═════ RECORDS FOR THIS EXERCISE

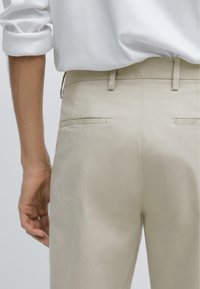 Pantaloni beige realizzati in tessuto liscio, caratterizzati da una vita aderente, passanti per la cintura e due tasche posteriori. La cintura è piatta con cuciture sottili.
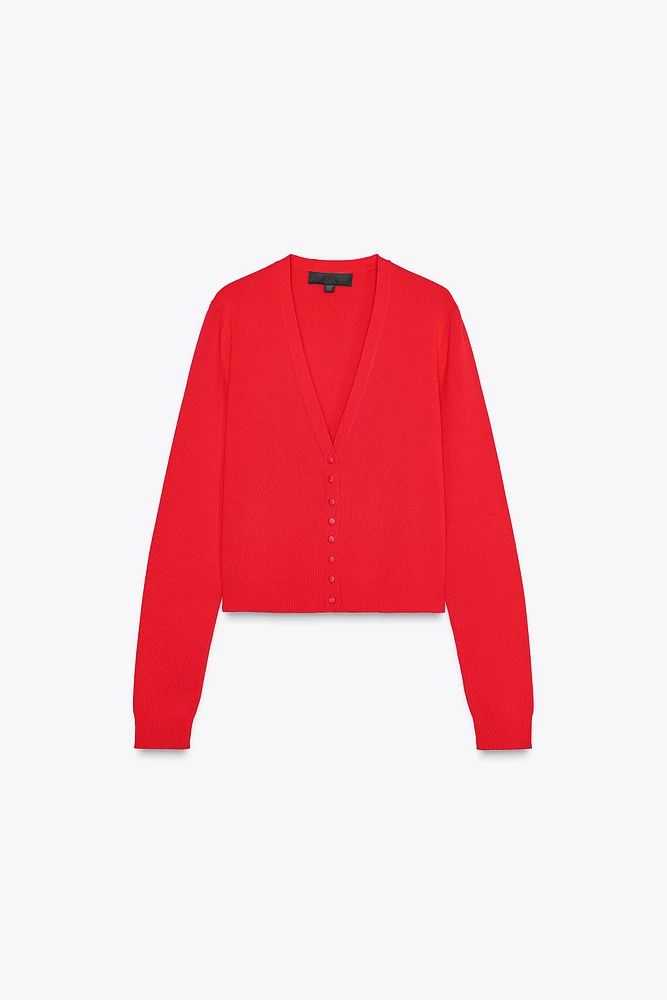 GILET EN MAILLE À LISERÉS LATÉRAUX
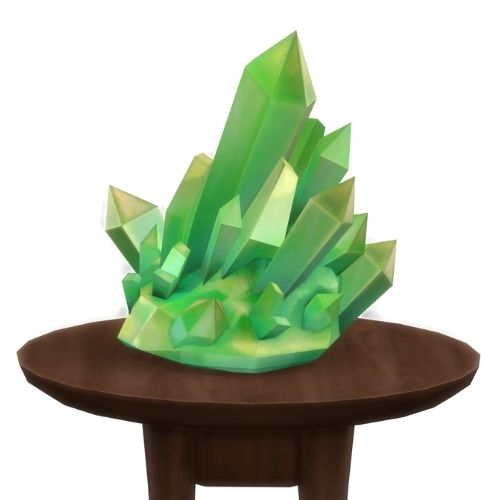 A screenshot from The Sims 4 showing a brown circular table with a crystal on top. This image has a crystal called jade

══════════
═════ RECORDS FOR THIS EXERCISE

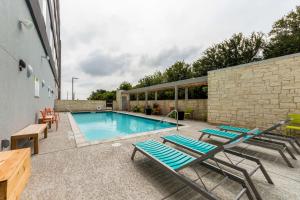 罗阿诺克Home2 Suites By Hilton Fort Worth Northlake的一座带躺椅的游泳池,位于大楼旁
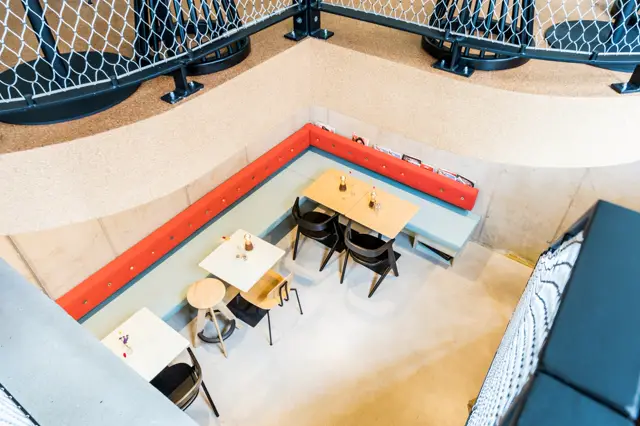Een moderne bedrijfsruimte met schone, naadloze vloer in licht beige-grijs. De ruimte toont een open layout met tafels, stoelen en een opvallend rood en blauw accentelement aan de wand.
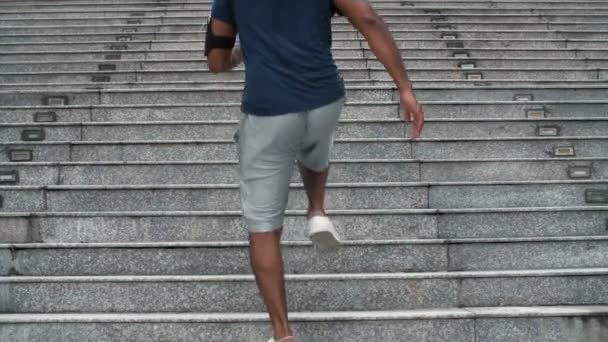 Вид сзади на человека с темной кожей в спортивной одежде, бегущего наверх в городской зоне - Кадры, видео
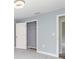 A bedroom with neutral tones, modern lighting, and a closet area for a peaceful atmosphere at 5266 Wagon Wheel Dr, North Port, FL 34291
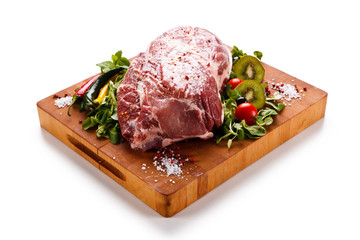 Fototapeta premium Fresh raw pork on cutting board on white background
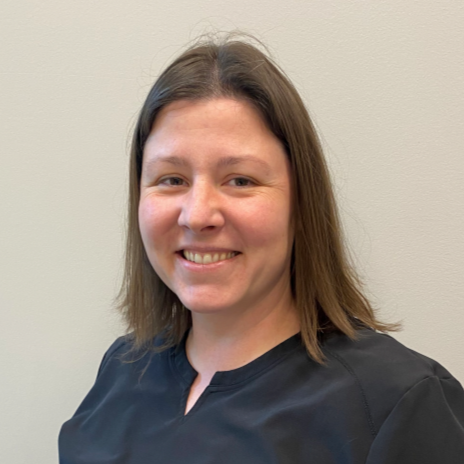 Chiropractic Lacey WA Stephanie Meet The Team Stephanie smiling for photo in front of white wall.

══════════

§ WHAT THE TASK REQUIRES: Reproduce the data above exactly, but only from the line containing "Fototapeta premium Fresh" through the line containing "Chiropractic Lacey WA". Omit all pictures.

§ RESULT:
 Fototapeta premium Fresh raw pork on cutting board on white background
 Chiropractic Lacey WA Stephanie Meet The Team Stephanie smiling for photo in front of white wall.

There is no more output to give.